NVIDIA NMX-C (NVLink) Integration Plugin for Netris Controller

Overview

The Netris-NMX plugin provides seamless integration between Netris Controller and NVIDIA NMX-C (NMX-Controller) for AI infrastructures with NVIDIA NVLink Multi-Node (NVL72/NVL144) fabrics present. This integration allows infrastructure operators to define compute multi-tenancy in a single place through Netris, significantly simplifying management across all network types.

Key Benefits

  • Unified Management Interface: Define tenant isolation by simply listing servers in a Server Cluster object

  • Automated Provisioning: Automatically configure NVLink partitions on NVL72/NVL144 Multi-Node fabrics to align with tenant boundaries configured on other fabrics such as East-West (via Ethernet or InfiniBand) and North-South Ethernet.

  • Simplified Operations: Eliminate the need to manage SwitchPorts, VLANs, VRFs on Ethernet, GUIDs, PKeys, SHARP groups on InfiniBand), and NVLink partitions and GPU UIDs separately.

Architecture

The Netris-NMX plugin acts as the integration layer between Netris Controller and NVIDIA NMX-Controller:

  1. Netris Controller: Orchestrates the Ethernet switches and provides the primary user interface.

  2. NVIDIA NMX-C: Manages the NVLink Multi-Node fabric switches and provides specialized NVLink functionality.

  3. Netris-NMX Plugin: Synchronizes configurations between both systems

_images/NVIDIA_NVLink-Integration.svg

Tip

NVIDIA NetQ (NMX-M) is not required by Netris, but it is recommended for granular Network + GPU telemetry

When you define a Server Cluster in Netris, the plugin automatically:

  • Discovers GPU UIDs for each server using the preloaded GPU ledger.

  • Creates and manages appropriate NVL partitions in NMX-C

  • Assigns appropriate GPU UIDs to appropriate NVL partitions

The Netris-NMX plug agent runs continuously and validates that the operator’s intent is correctly applied every 20 seconds by default. If the NVLink partition doesn’t match the intent declared in the Netris Controller, the Netris-NMX agent will enforce the intent in the NMX-Controller.

The NMX-Controller remains the source of truth for the state of the GPU assignments to NVLink partitions. The Netris Controller is the source of truth for the operator’s intent, and the Netris agent will continuously enforce the operator’s intent as expressed through the Server Cluster object in the Netris Controller.
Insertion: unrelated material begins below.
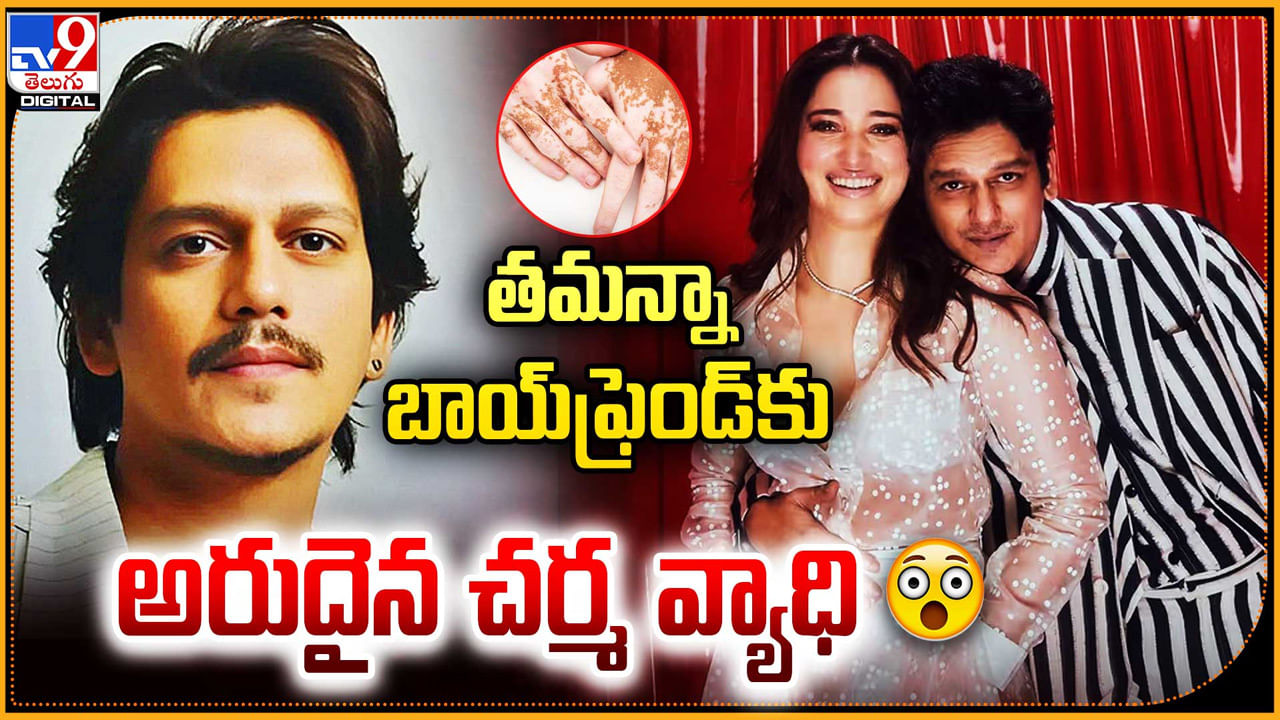 Vijay Varma: తమన్నా బాయ్‌ఫ్రెండ్‌ విజయ్ వర్మకు అరుదైన చర్మ వ్యాధి.! వీడియో చూస్తే షాకే.!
When more than one NMX-Controller is defined in the configuration, Netris will automatically discover which NMX-Controller creates the NVLink partition and will only create the partitions in the appropriate NMX-Controllers.

High-Level Workflow

  1. Preload GPU mapping

  2. Configure NVLink agent

  3. Agent discovers the current state from NMX-C(s)

  4. Netris determines the desired partition based on the server cluster template and server cluster membership.
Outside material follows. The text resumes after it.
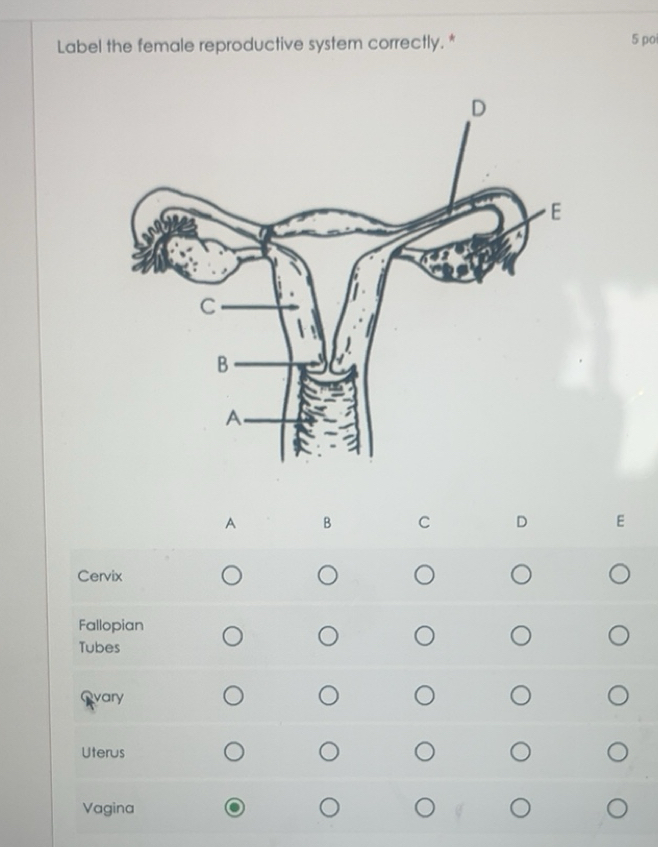 Solved: Label the female reproductive system correctly. * 5 po A B C D ...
  5. Agent reconciles every 20s

  6. Debug via script

Tip

Server Cluster is the only supported way for Netris to manage NVLink partitions.

Tip

Netris does not perform any additional NVLink management tasks, like NVLink switch life cycle management, etc., other than creating, modifying, and destroying NVLink partitions and adding or removing GPU UIDs to those partitions. NVIDIA NMX-C is the NVLink fabric manager.

Prerequisites

Before installing the Netris-NMX plugin, ensure:

  1. A functioning Netris Controller environment

  2. A properly configured NVIDIA NMX-C installation

  3. Network connectivity between the Netris Controller or a dedicated server running the Netris-NMX plugin and the NVIDIA NMX-Controller.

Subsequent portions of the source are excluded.